The
BoE wrong-footed many investors last year over its next moves on
interest rates, prompting officials to take stock of their
communication strategy.
Governor Andrew Bailey said in November he could imagine going
back to the days of offering no forward guidance.
Broadbent, in a speech marking the 25th anniversary of the
Monetary Policy Committee, said there was value in guidance
which clearly explained how the BoE planned to react now to
incoming news on the economy.
But he was sceptical about other forms of guidance.
Attempts by a central bank to steer expectations about how it
might react in future - such as by publishing a plan for future
interest rates - risked being viewed as promise, with a cost to
credibility when things pan out differently.

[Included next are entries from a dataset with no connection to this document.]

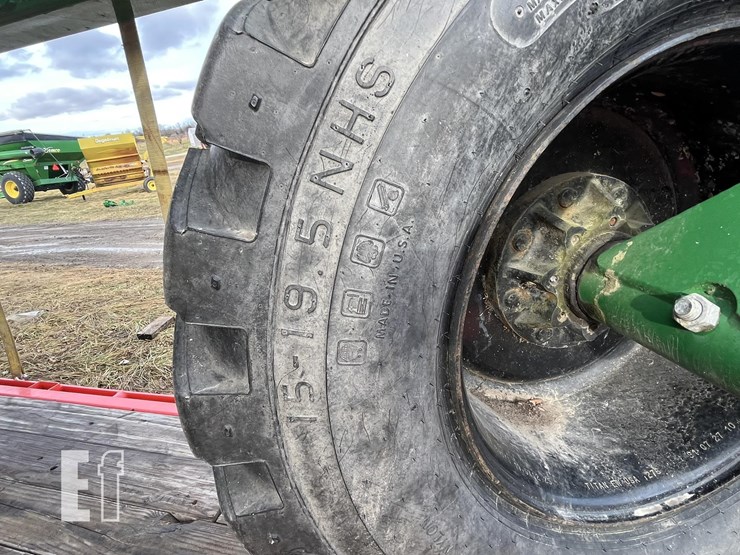 great-plains-sml1000-image-5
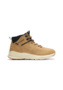 KangaROOS Herren K-GM Hasso RV RTX Schn�rboots Winterstiefel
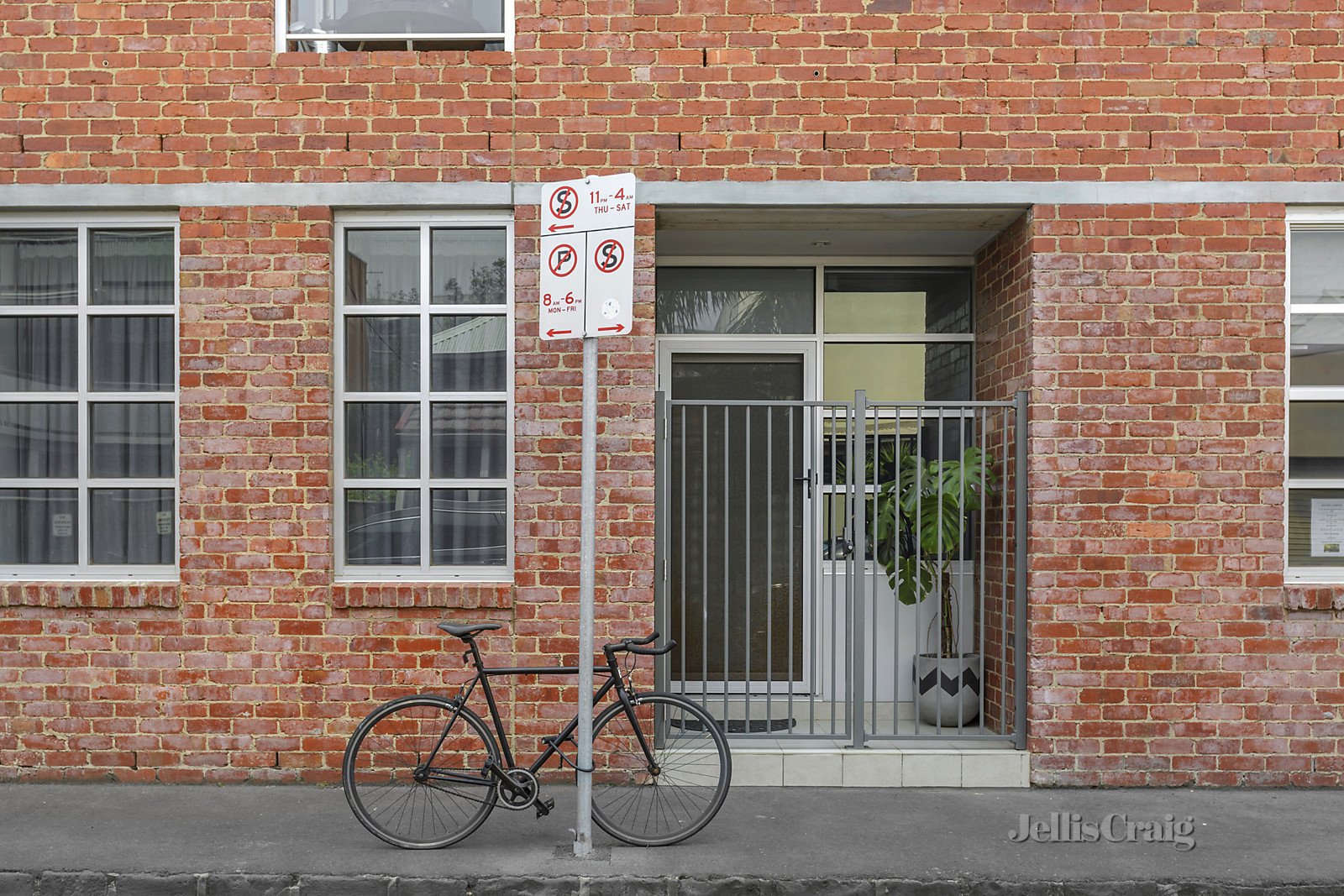 109/5 Union Street, Brunswick image 2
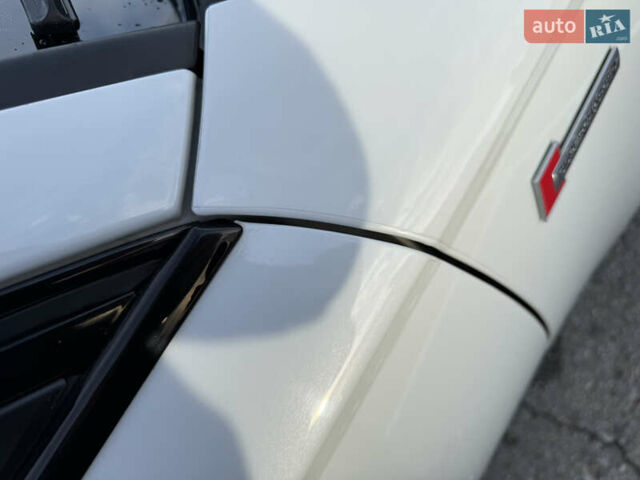 Ауді А6 2016 у Львові на Automoto.ua Білий Ауді А6, об'ємом двигуна 3 л та пробігом 100 тис. км за 14900 $, фото 40 на Automoto.ua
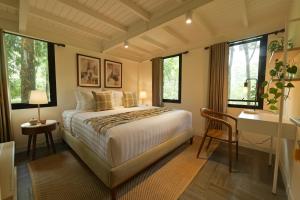 taman wisata bougenville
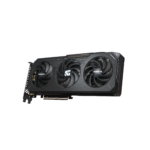 Radeon™ RX 9060 XT GAMING OC 16G - الصورة 4
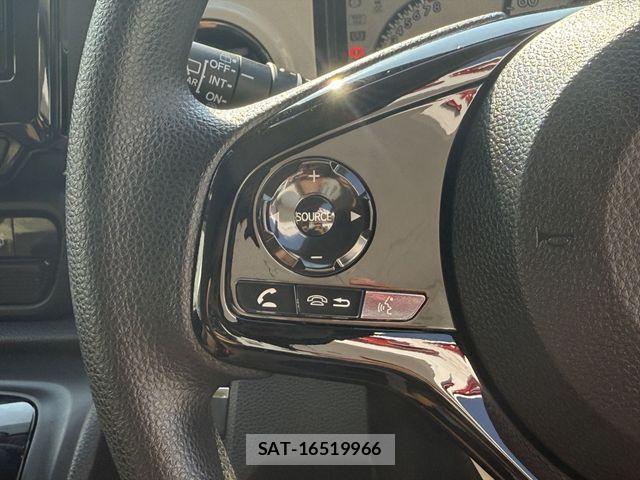 Honda N-ONE 2022-01 8367774-25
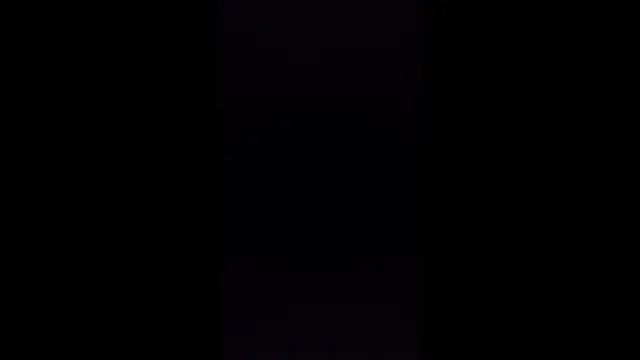 Warumnicht1980 online show from 03/20/26, 09:25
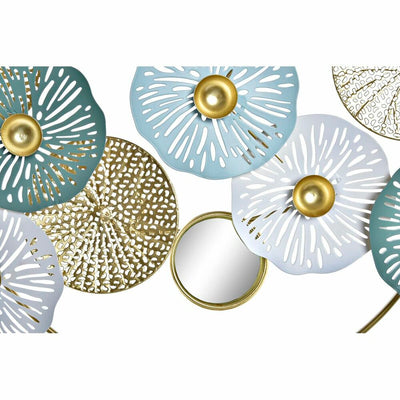 V8H86D3A18926ED933AF27A9E997C00C65AR4983958P2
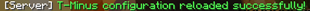 reload.png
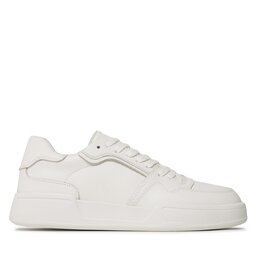 Vagabond Shoemakers Sneakersy Vagabond Shoemakers Cedric 5588-001-01 Biały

He said the BoE's first attempt at forward guidance in 2013
under former governor Mark Carney - which linked future interest
rate moves to the unemployment rate - was too convoluted.
"Expectations of future interest rates affect current demand and
policymakers clearly have an interest in their behaving
appropriately as economic news comes in," Broadbent said in his
speech at the National Institute of Economic and Social
Research, a think tank.
There were many ways of doing this, whether in the form of
speeches, simulations or even published interest rate paths.
"But whatever the medium, monetary authorities need always to
think that the message – not least the point that future policy
will depend on how the outlook for inflation evolves – is well
understood," Broadbent said.
Answering questions after his speech, he said research showed
people could understand even conditional communications over
policy if they were rooted in the real world.
"But the more abstract they are, they fail to come across and I
think (the forward guidance in 2013) was one which was didn't
pass muster," Broadbent said.
"And so I think that is that is a lesson that they really have
to be clear."
Broadbent also spoke briefly about the surge in inflation that
might reach almost 9% - more than four times the BoE's 2% target
- according to the government's fiscal forecasters, due mostly
to the leap in global energy prices.
"As a big net importer of manufactures and commodities it's
doubtful that the UK has ever experienced an external hit to
real national income on this scale," he said.
"From the narrow perspective of monetary policy it will result
in the near term in the difficult combination of even higher
inflation but weaker domestic demand and output growth."